What Is a Thread?
All programmers are familiar with writing sequential programs. You've probably
written a program that displays "Hello World!", or sorts a list of names, or
computes a list of prime numbers. These are sequential programs: each has a
beginning, an execution sequence, and an end. At any given time during the
runtime of the program there is a single point of execution.
A thread is similar to the sequential programs described previously. A single
thread also has a beginning, a sequence, and an end and at any given time during
the runtime of the thread, there is a single point of execution. However, a thread
itself is not a program; it cannot run on its own. Rather, it runs within a program.
Thread: A thread is a single sequential flow of control within a program.
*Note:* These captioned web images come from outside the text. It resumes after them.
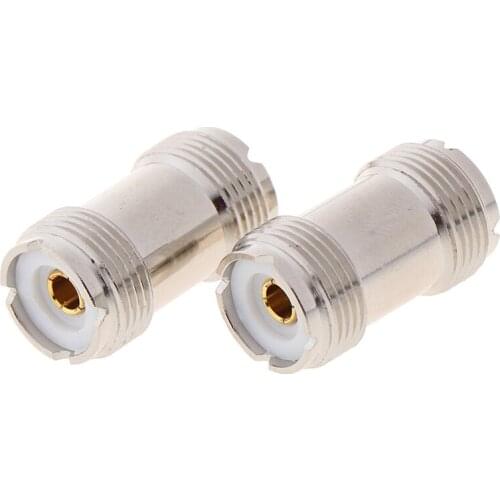 UHFKK M SL16 PL259 female SO-239 to SO239 female jack in series RF coaxial adapter connector high frequency adapter RF 1pc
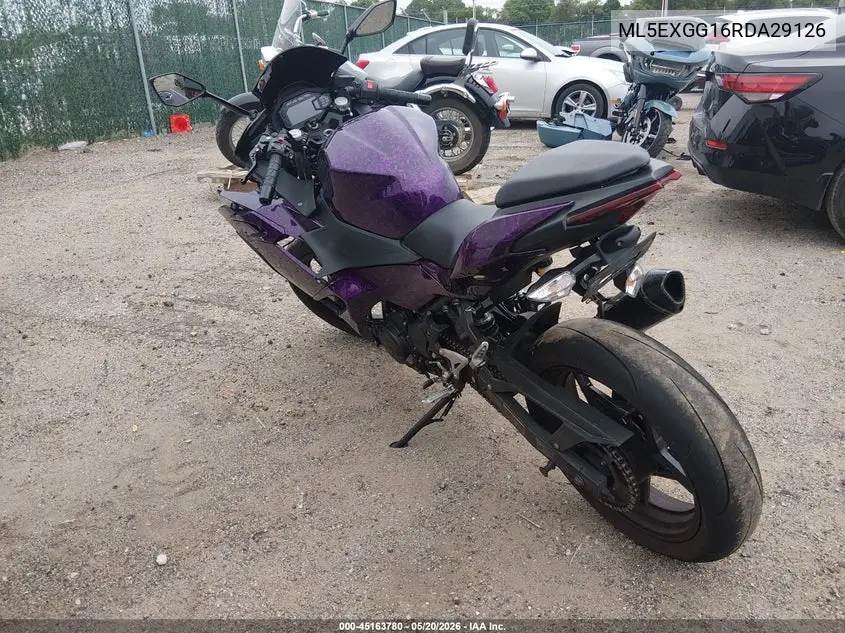 2024 Kawasaki Ex500 VIN: ML5EXGG16RDA29126 Lot: 45163780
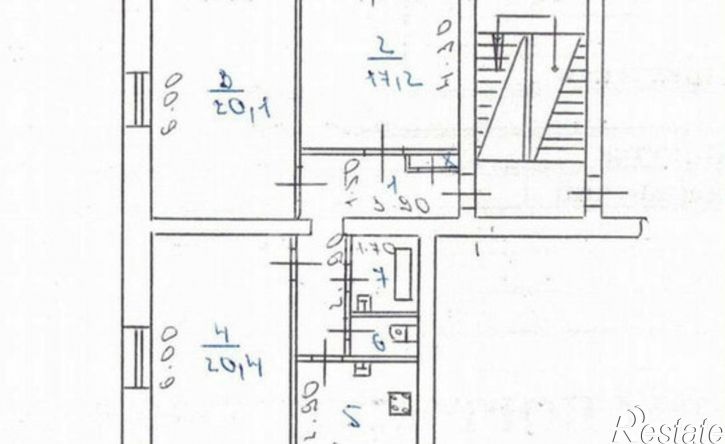 3-комн квартира ул Сибирских Партизан, 30,  д. 30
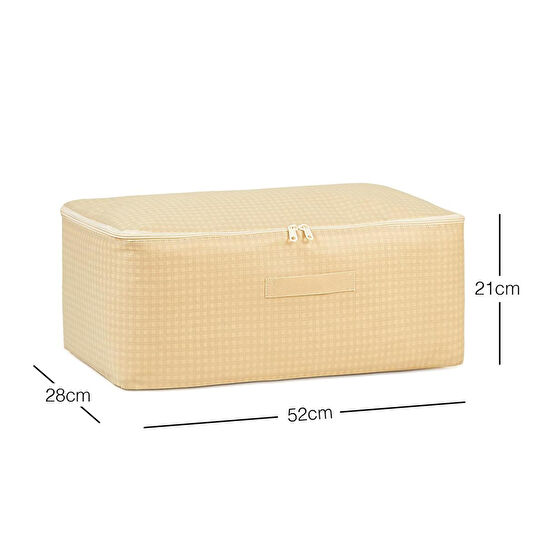 Home Wave 4'lü Orta Boy Bej Pötikare Hurç Set 52 X 28 X 21 Cm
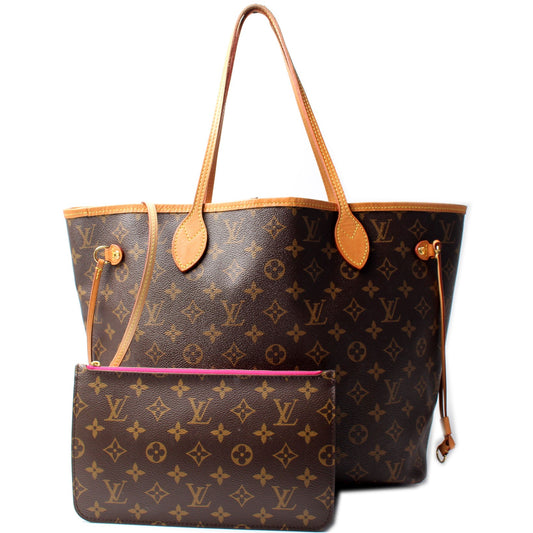 Louis Vuitton Neverfull MM W/Wallet Monogram
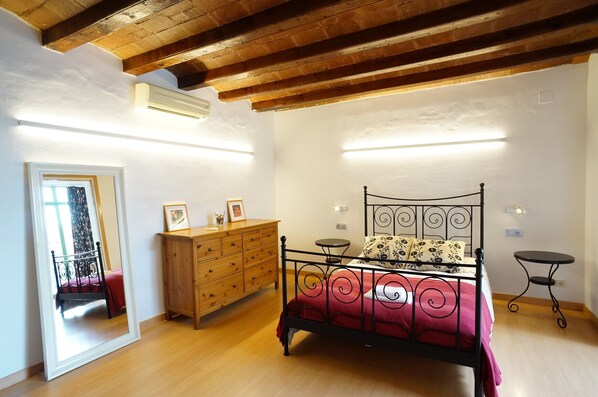 Master bedroom, with one double bed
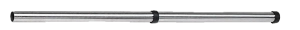 Verlengbuis, 1-delig, edelstaal, Ø 36 mm, 500 mm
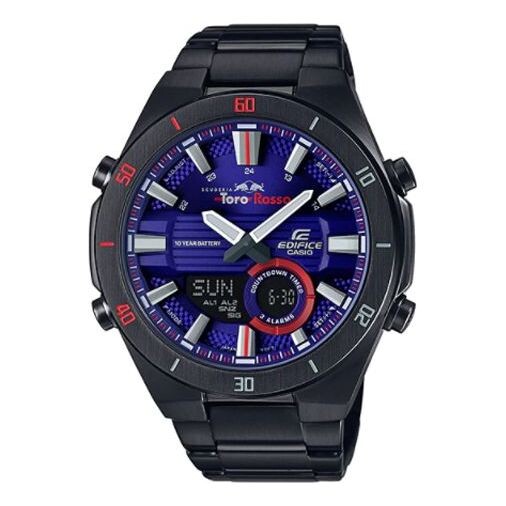 

Часы CASIO EDIFICE Series SCUDERIA TORO ROSSO Sportses Men's Black/Blue Mens BlackBlue Analog, синий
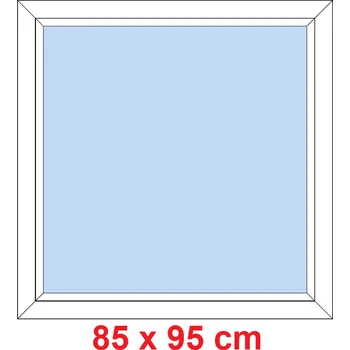 Okno Soft Plastové okno 85x95 cm, FIX neotevíravé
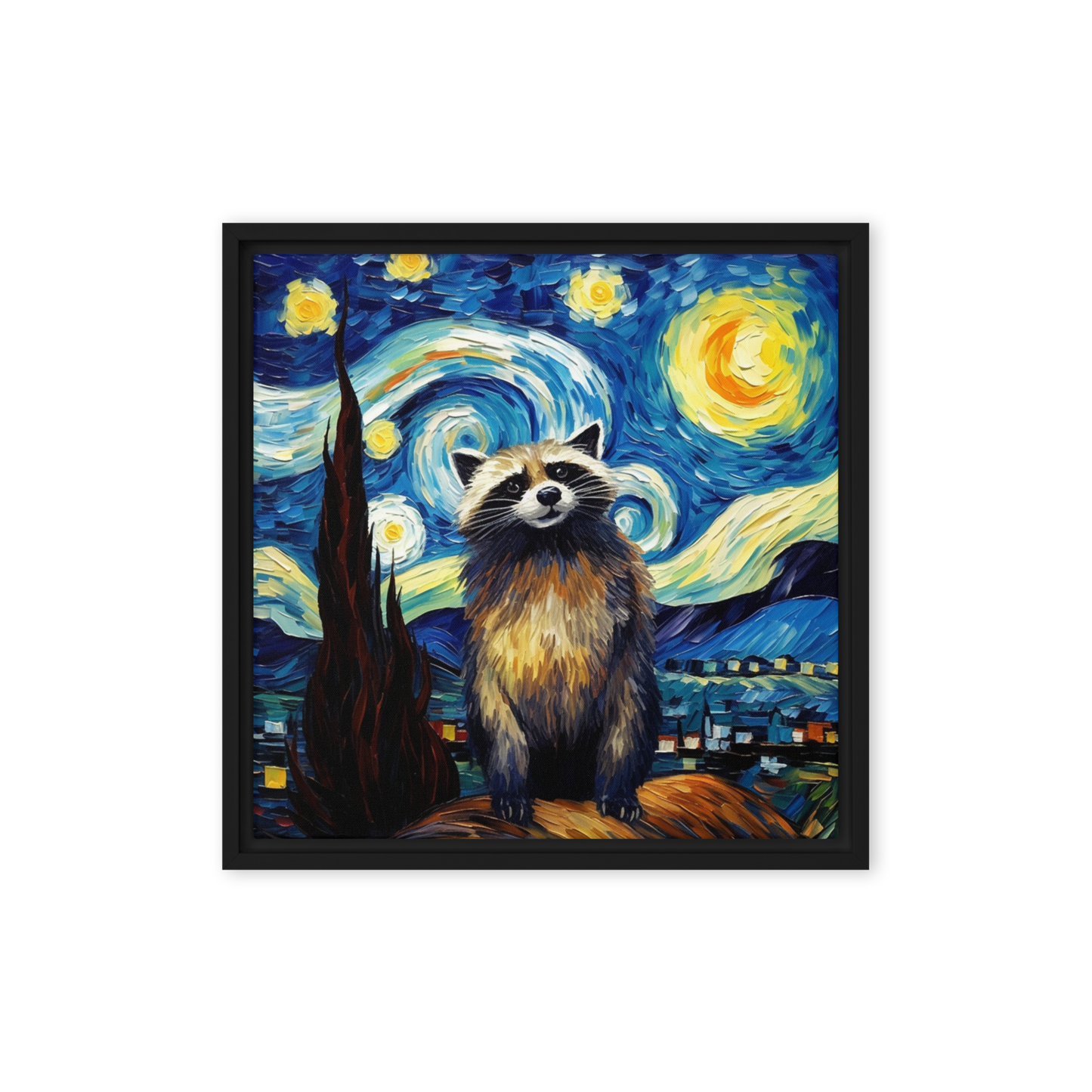Sippy Night Framed Canvas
There is nothing new in the concept of a single thread. The real hoopla surrounding
threads is not about a single sequential thread. Rather, it's about the use of
multiple threads in a single program, running at the same time and performing
different tasks.
A Web browser is an example of a multithreaded application. Within
the browser you can scroll a page while it's downloading an applet or
image, play animation and sound concurrently, print a page in the background
while you download a new page, or watch three sorting algorithms race to the
finish. You are used to life operating in a concurrent fashion...so why not
your browser?
Some texts use the name lightweight process instead of thread. A thread is similar
to a real process in that a thread and a running program are both a single sequential
flow of control. However, a thread is considered lightweight because it runs within
the context of a full-blown program and takes advantage of the resources allocated
for that program and the program's environment.
As a sequential flow of control, a thread must carve out some of its own resources
within a running program. It must have its own execution stack and program counter
for example. The code running within the thread works only within that context.
Thus, some other texts use execution context as a synonym for thread.